L’anatema del cardinale Zuppi sull’esempio di Wojtyla: “I mafiosi sono dei mezzi uomini” (video)

27 Set 2022 20:39 - di Penelope Corrado
cardinale Zuppi

“Altro che uomini d’onore, come amano definirsi: i mafiosi sono dei mezzi uomini, i mafiosi sono dei vigliacchi!”: è senza mezzi termini la definizione del presidente della Conferenza episcopale italiana, il cardinale Matteo Maria Zuppi.
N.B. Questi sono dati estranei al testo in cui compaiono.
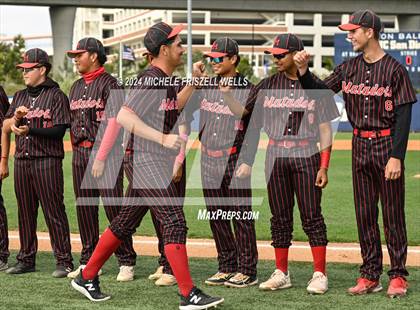 Thumbnail 1 in Kearny vs Mount Miguel( CIF SDS Division 5 Final) photogallery.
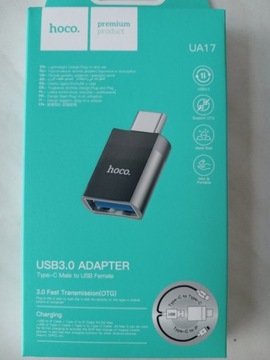 Adapter Typ-C do USB (3.0) OTG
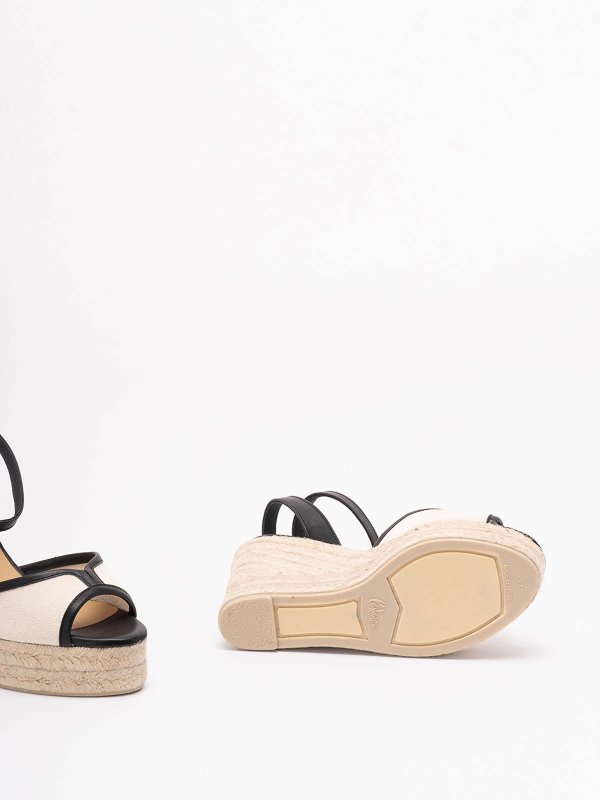 `Brigitte/8Ed/292` Espadrilles shop online: CASTANER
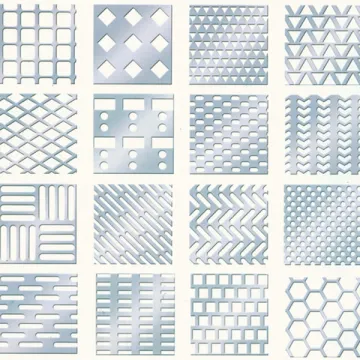 Perforated Plastic Mesh Sheets Factory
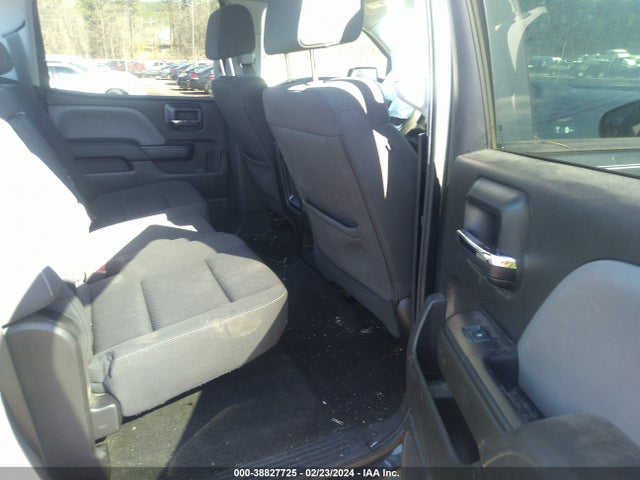 Chevrolet Silverado 1500 Ls 2017 3GCPCNEHXHG461781 Image 8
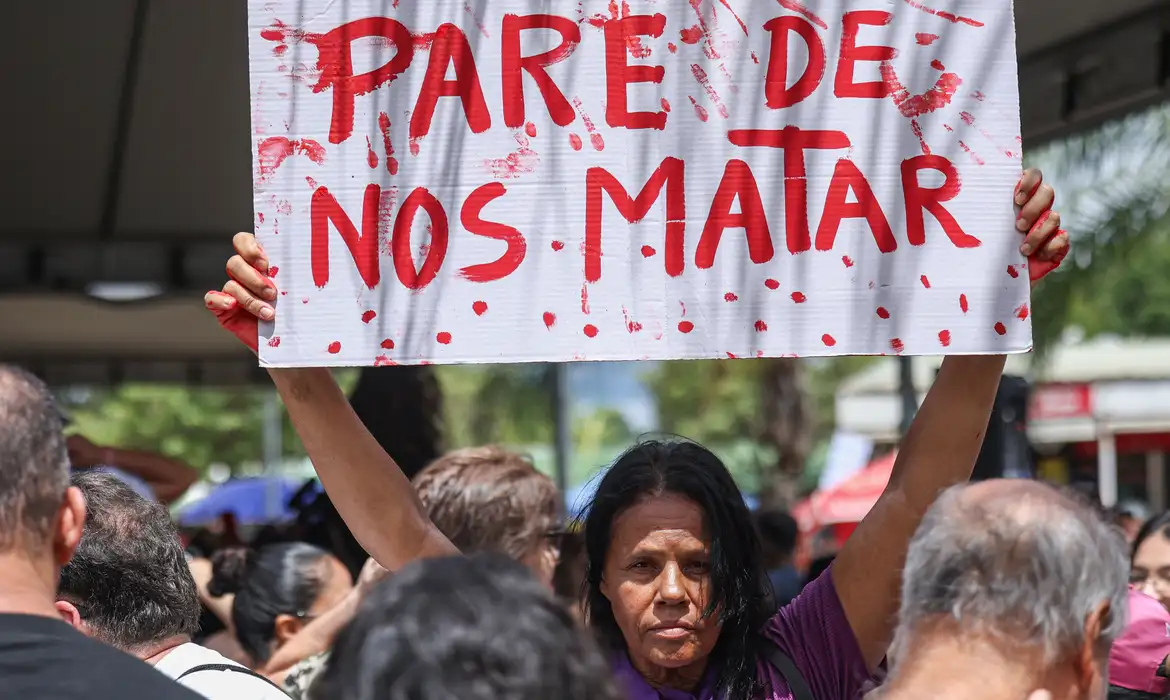 Campanha Vote Segura apresenta 11 propostas para combater a violência contra mulheres no Brasil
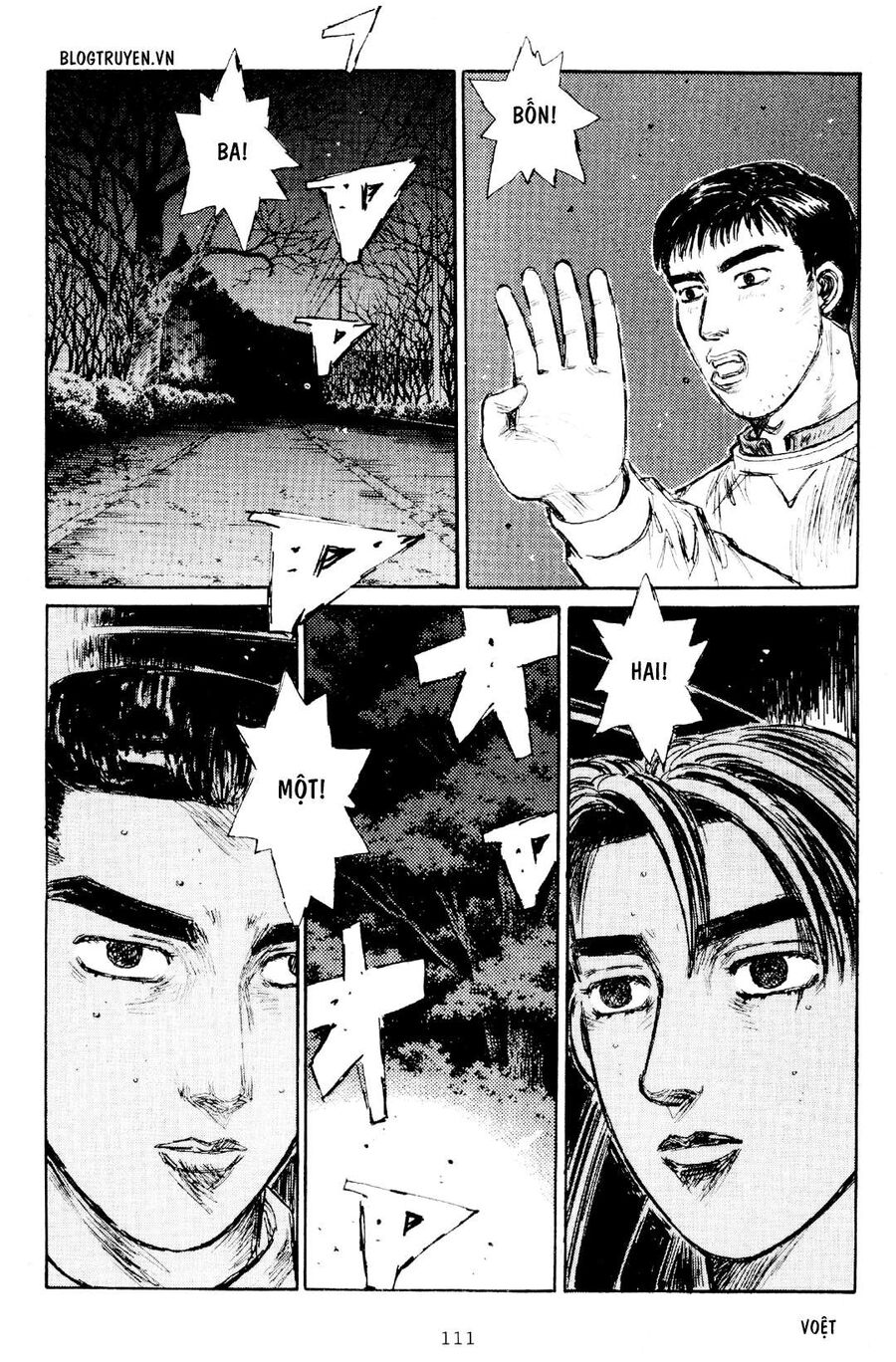 Ký Tự D Chap 164 - Next Chap 165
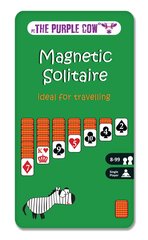 Reisimäng Purple Cow Magnetic Solitaire, LT,LV, 559 hind ja info | Lauamängud ja mõistatused | kaup24.ee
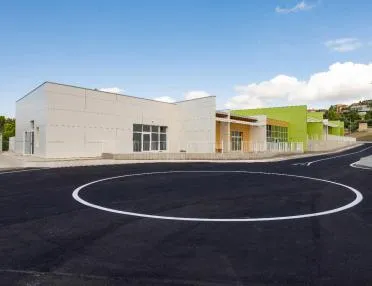 Il nuovo polo scolastico dell’infanzia – Offida (AP)
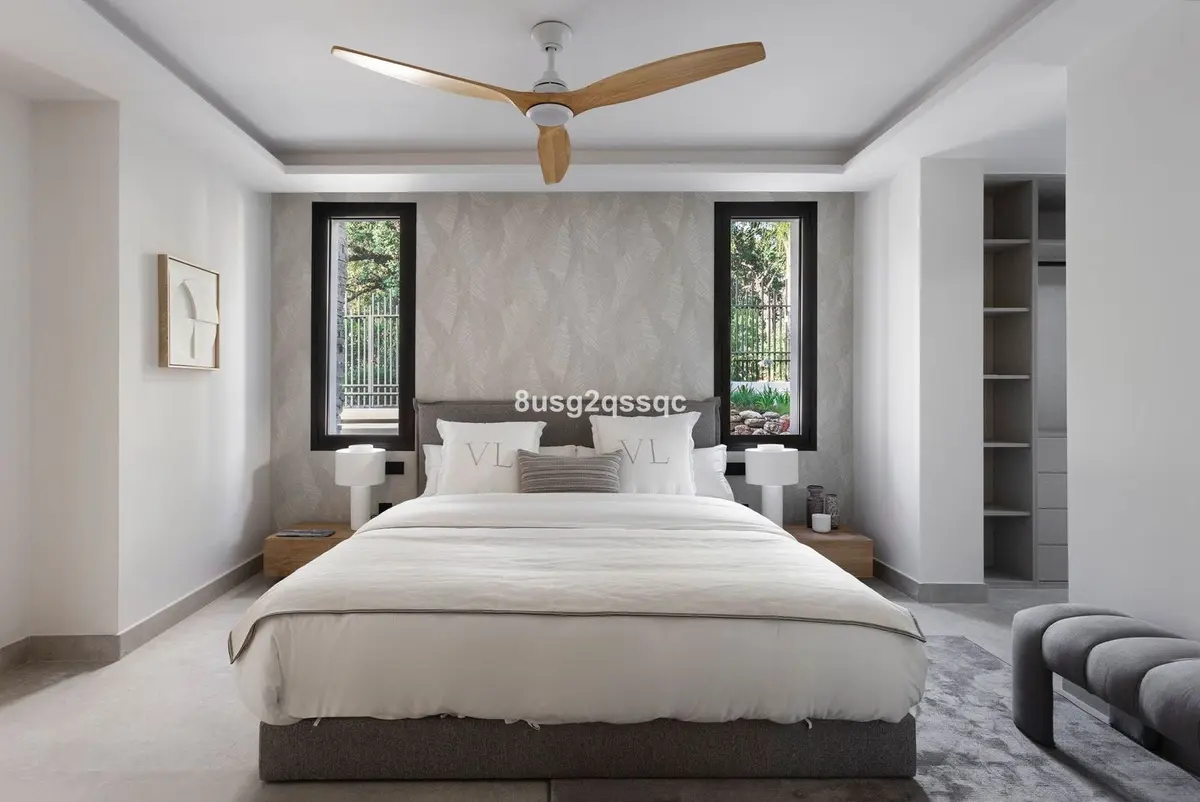 Detached Villa in Marbella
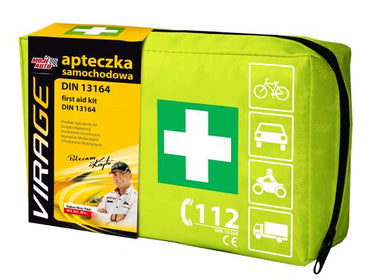 APTECZKA SAM. OPAK. TKANINA DIN 13164 Image 1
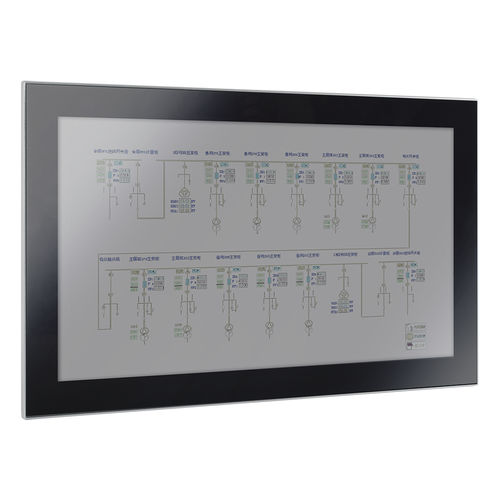 panel PC con touch screen multitouch - NODKA Automation Technology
Rispondendo alle domande del telegiornale SkyTg24 a margine della Messa celebrata nel cortile d’onore della Corte di Cassazione in occasione dei 32 anni dall’assassinio deciso dalla mafia del giudice Rosario Livatino, che papa Francesco ha proclamato Beato, il cardinale di Bologna afferma che la Chiesa “deve e può fare molto per combattere la mafia”.

Le parole del cardinale Zuppi echeggiano quelle di Giovanni Paolo II nel ’93

“Dopo il famoso ‘Convertitevi, verrà per voi il giudizio di Dio’ pronunciato da Giovanni Paolo II nel 1993 ad Agrigento, 3 anni dopo la morte di Livatino, credo che la Chiesa stessa si sia convertita contro le mafie” dice il cardinale. “E con fermezza la Chiesa combatte quello che c’è dietro le mafie, come faceva Livatino, oppure, come fece un altro grande martire di mafia, padre Pino Puglisi, le combatte sottraendo loro la mano d’opera, dando un futuro e speranza ai giovani, creando alternative”.

Alla domanda se c’è ancora qualche timore da parte di parroci e sacerdoti in terra di mafia nel fare passi coraggiosi contro la criminalità, il presidente della Cei risponde che “le mafie hanno tanti modi per intimidire, e qualche volta qualcuno, che sia sacerdote o meno, può scegliere la via, sbagliata, della prudenza. Cioè, ci si lascia intimidire. Perché gli uomini della mafia non sono uomini d’onore, come amano definirsi, ma sono mezzi uomini, sono dei vigliacchi. La corruzione è vigliacca, e loro corrompono, per togliere agli altri. Ma occorre essere uomini, si deve voler bene agli altri. E difendere la giustizia”.

Chi era il giudice Rosario Livatino

Al momento della morte, il 21 settembre 1990, Rosario Livatino, 38 anni ancora da compiere, lavorava ad Agrigento da 12 anni ed era il punto di riferimento dei colleghi dell’ufficio, in virtù della sua saggezza e della sua preparazione. Lo ricorda il sito a lui dedicato: era insomma il contrario di un “giudice ragazzino”, come ancora adesso lo qualifica chi ha scarsa conoscenza del suo profilo. L’espressione fu adoperata in chiave polemica nei confronti dell’allora Presidente della Repubblica, Francesco Cossiga: in realtà, questi l’aveva a sua volta evocata per segnalare l’anomalia di un accesso alla funzione di magistrato anche a 24/25 anni (all’epoca possibile), affiancata dal frequente affidamento di poteri assai incisivi. Come “martire della giustizia e della fede”, Rosario Livatino viene ricordato dalla Chiesa cattolica ogni 29 ottobre.